It’s the largest fundraising disparity between 1st District congressional candidates since 2006, when then-six-term incumbent Roger Wicker outraised and outspent Democrat Ken Hurt by a margin of 72 to 1.
Morris has raised $73,692 so far, including $29,817 during the past three months. That’s double what he raised in the second quarter. But he loaned himself an even larger sum: $41,345 since July and $98,104 total since the start of the campaign.
The Democrat has spent $153,825 so far this race.
With a larger political machine behind him, Nunnelee has amassed more than $1.6 million during the same time, of which $230,598 came in during the third quarter. That’s about one-third more than he raised in the second quarter.
He has spent roughly $1.5 million so far this race.
Both candidates say voters – not money – ultimately will decide the election. They believe north Mississippi residents care more about issues like the economy, health care and gas prices than they do about campaign finances.
But money buys candidates’ time in front of their prospective voters. The more money, the bigger the audience.
Morris has a clear disadvantage in this area, said Marty Wiseman, executive director of Mississippi State University’s John C. Stennis Institute of Government.
“His weakness is obviously the weakness of the Democratic Party and their ability to raise money,” Wiseman said. “If Brad Morris had a strong party backing him and helping him raise money and putting boots on the ground, he would be a pretty serious threat.”
Mississippi Democratic Party Executive Director RIckey Cole disputed that view, saying Morris has enough funds to be competitive in the general election.
“They won’t be counting dollars on Nov. 6,” Cole said. “They’ll be counting votes.”
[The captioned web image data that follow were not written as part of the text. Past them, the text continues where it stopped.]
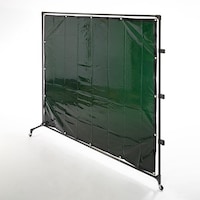 EA334BJ20B 2000x2150mm 溶接作業フェンスセット(青)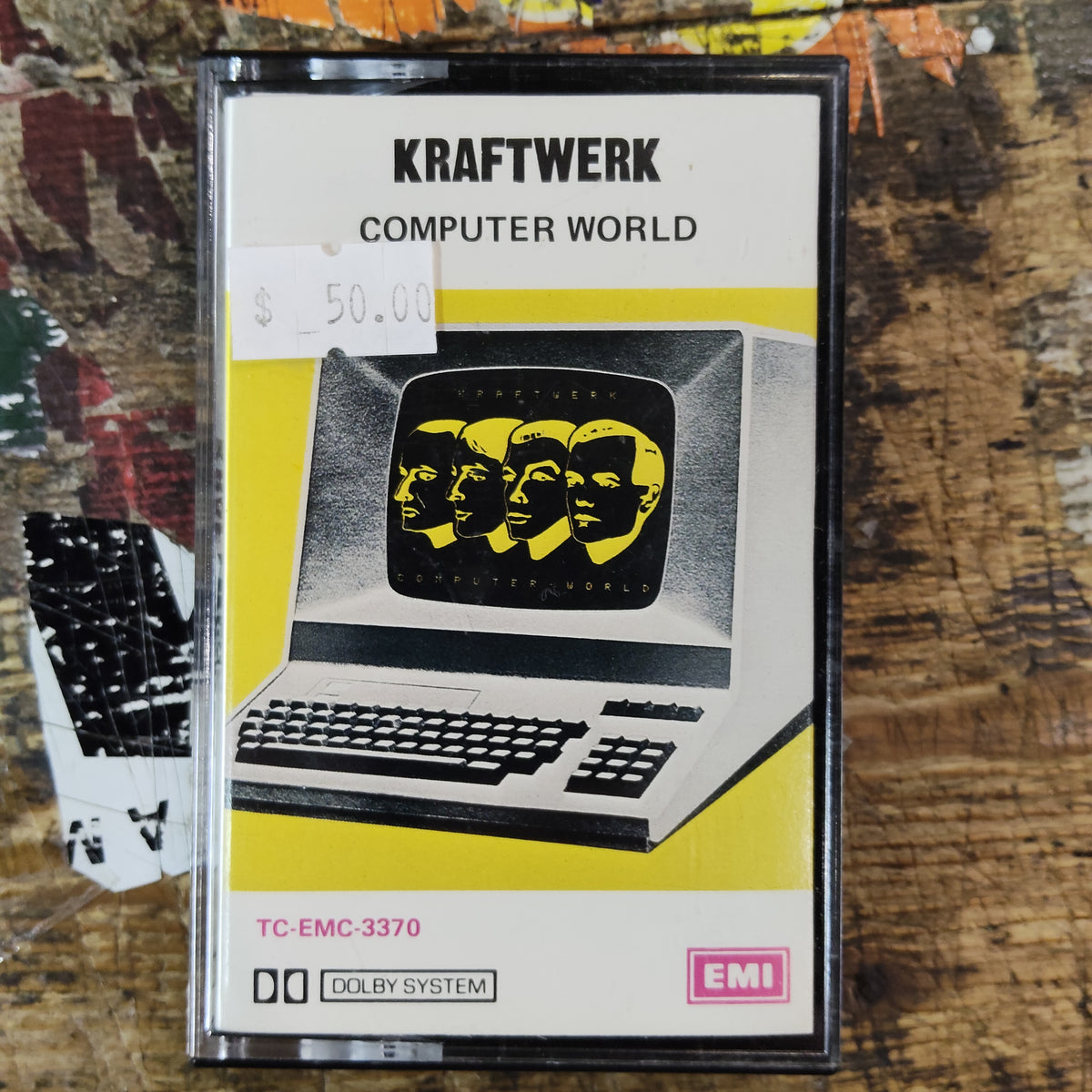 KRAFTWERK - COMPUTER WORLD CASSETTE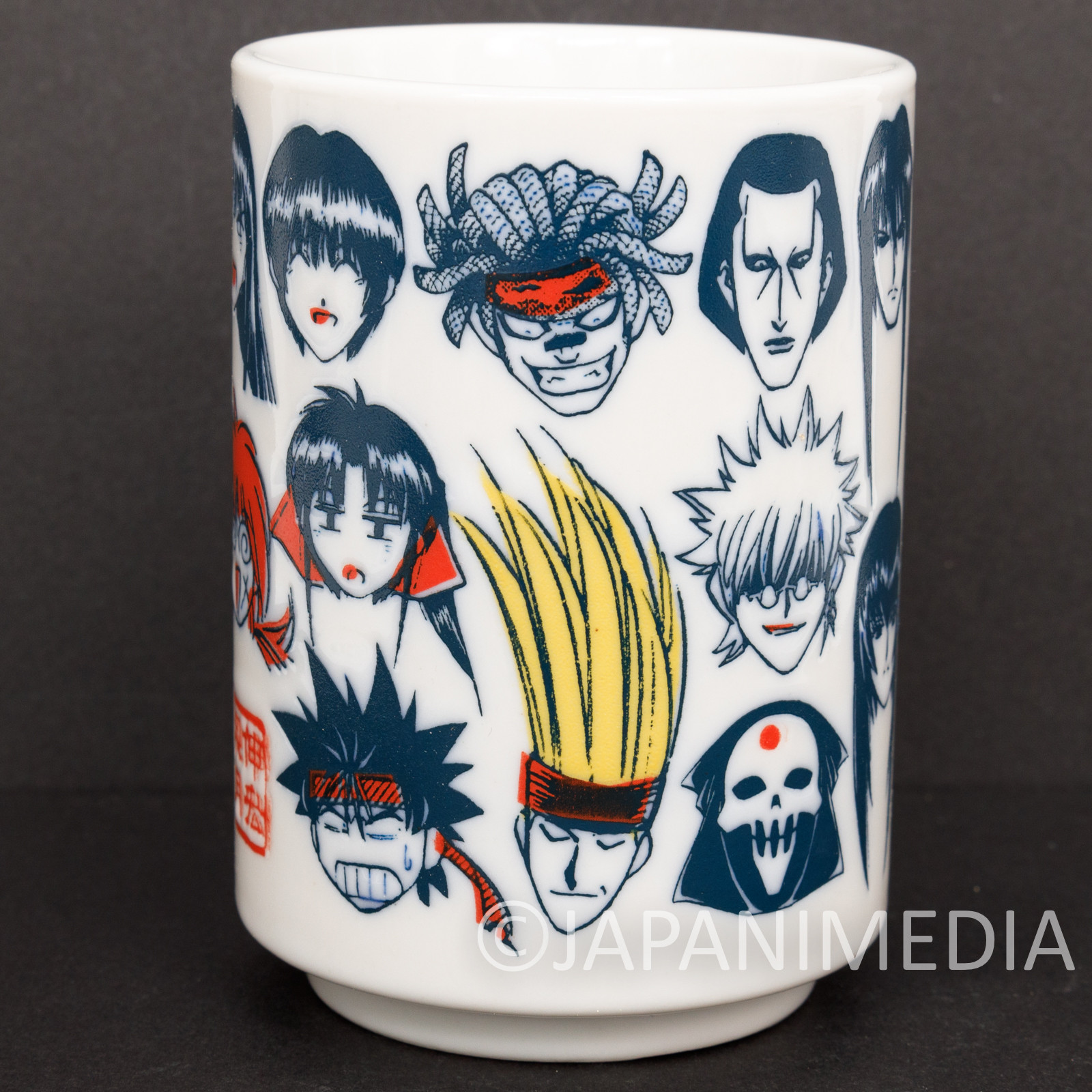Anime Food Wars! Ceramic Mugs Coffee Cups Milk Tea Mug Anime Manga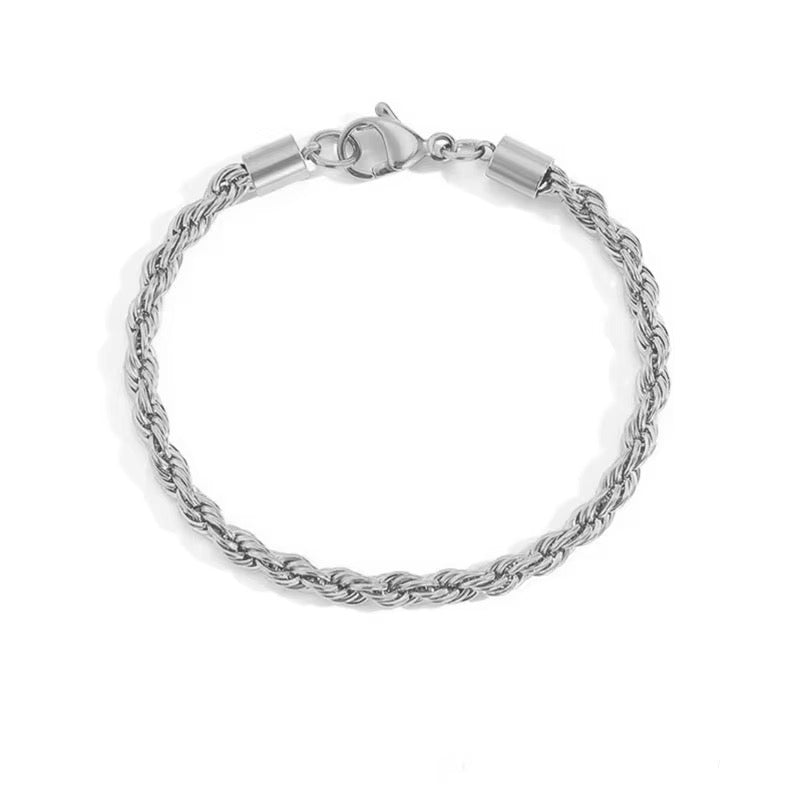 VYNE // ITALIAN SILVER ROPE SLV 3,3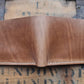 No. 2 Frontiersman Custom Leather Wallets, Horween Natural Chromexcel Leather, Back Open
Campaign finance reports weren’t available on the FEC website for the three minor-party candidates running in the 1st Congressional District U.S. House race: Danny Bedwell of the Libertarian Party; Jimmie Ray Bourland of the Constitution Party and Chris Potts of the Reform Party.
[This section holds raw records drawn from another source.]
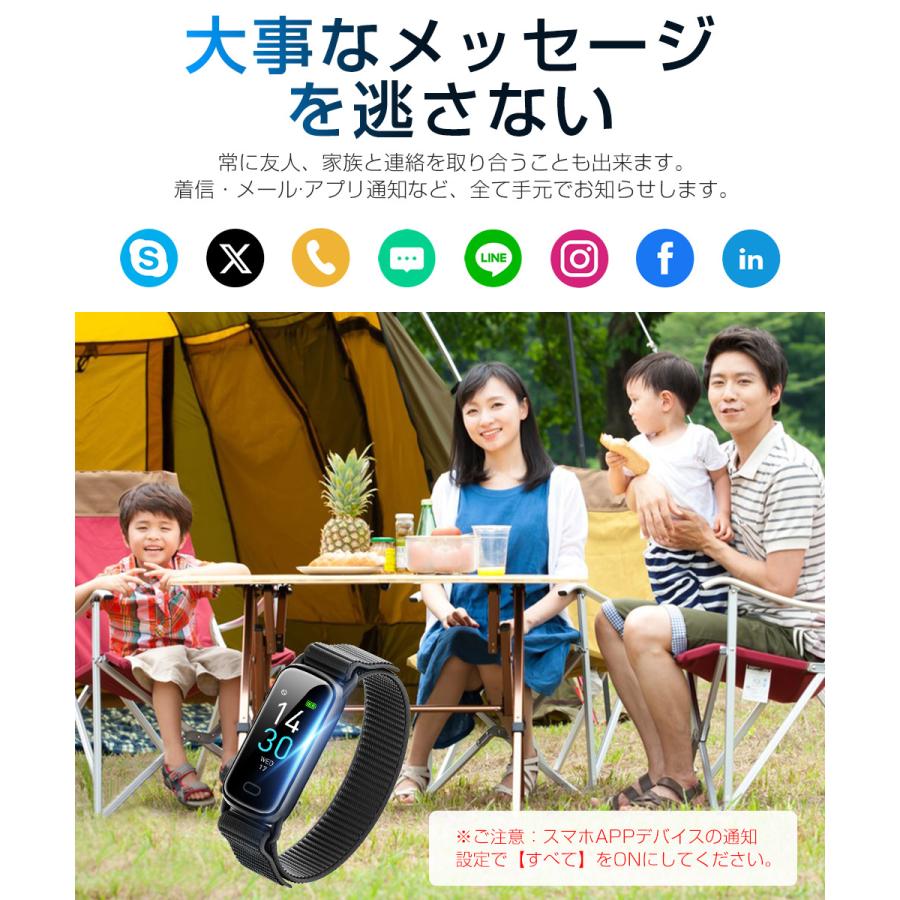 スマートウォッチ 血中酸素 心拍 歩数 カロリー 健康管理  腕時計 着信通知 IP68防水 睡眠 生理周期 ストレス測定 気分分析 大容量バッテリー  軽量 小型  GTL1 |  | 12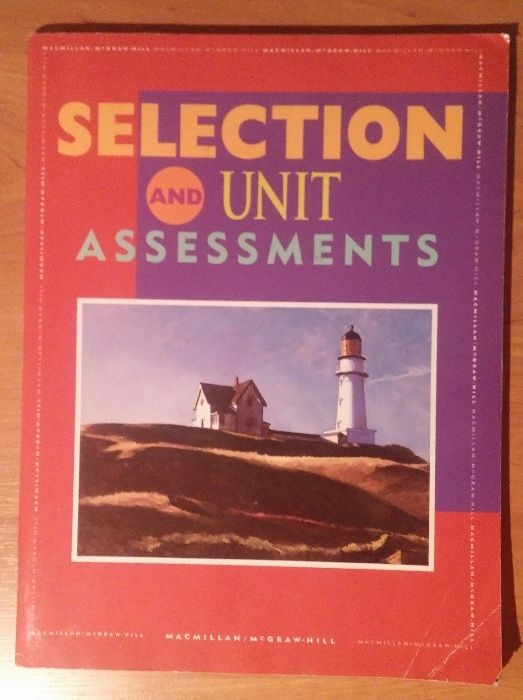 Selection and unit assessments/ macmillan/ gold level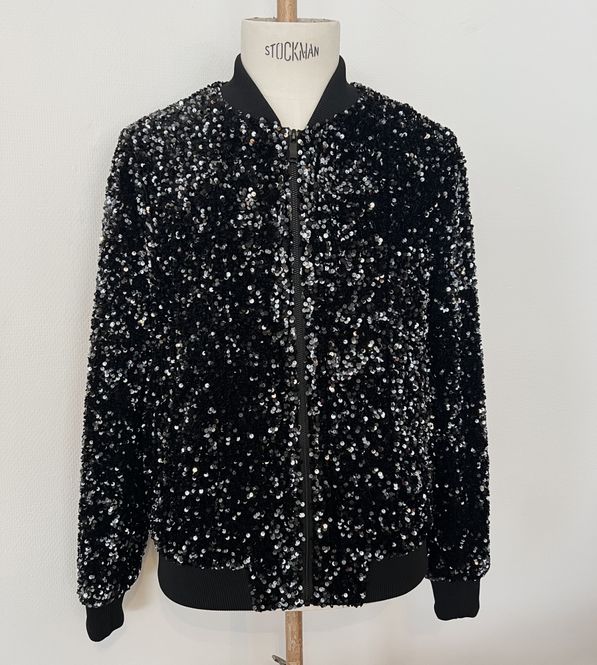 Hovedbilde 50053 - Zara Paljettjakke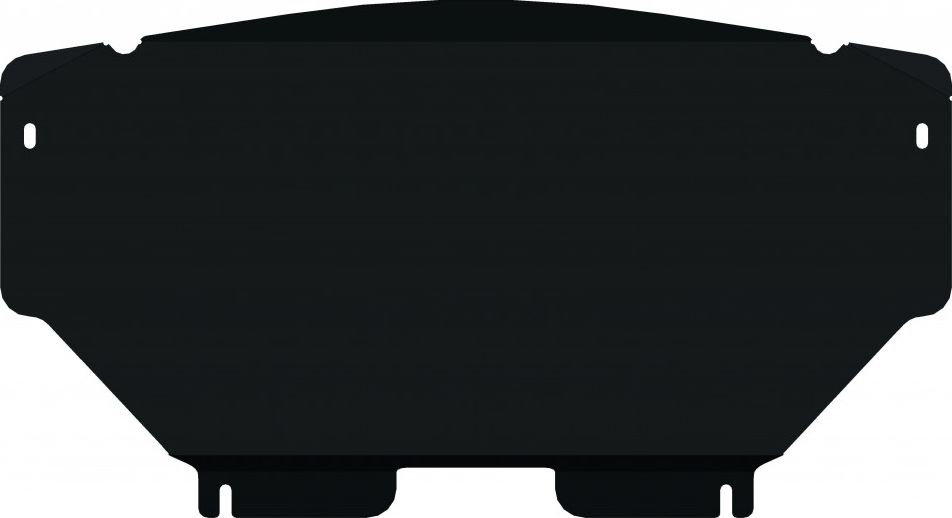 Защита Alfeco для рулевых тяг Mercedes-Benz M-Класс (ML350) W164 2005-2011. Артикул ALF.36.06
Morris said he knew entering the race he would struggle to match his opponent’s funding levels. To compensate, he’s driving the district to personally deliver his message to as many voters as he can.
The Democrat also has failed to reach the funding levels of his former boss, then-U.S. Rep. Travis Childers.
Childers, for whom Morris was chief of staff and campaign manager, had raised nearly eight times as much at this point in his successful 2008 campaign and 22 times as much in his failed 2010 bid.
Childers lost to Nunnelee, who had nearly matched his war chest that year even though it was his first run for congressional office.
Now an incumbent, Nunnelee has raised even more, though he’s still about $25,000 shy of Childers’ fundraising efforts at this point two years ago.
Thirty-eight percent of the Republican’s contributions in the third quarter came from political action committees, including those established by Halliburton, Mississippi Power Co. and Wendy’s.
The rest came from individual donors, most of them Mississippi residents.
Morris got 17 percent of his contributions in the third quarter from PACs versus 83 percent from individuals.
The top contribution received by each candidate was $5,000.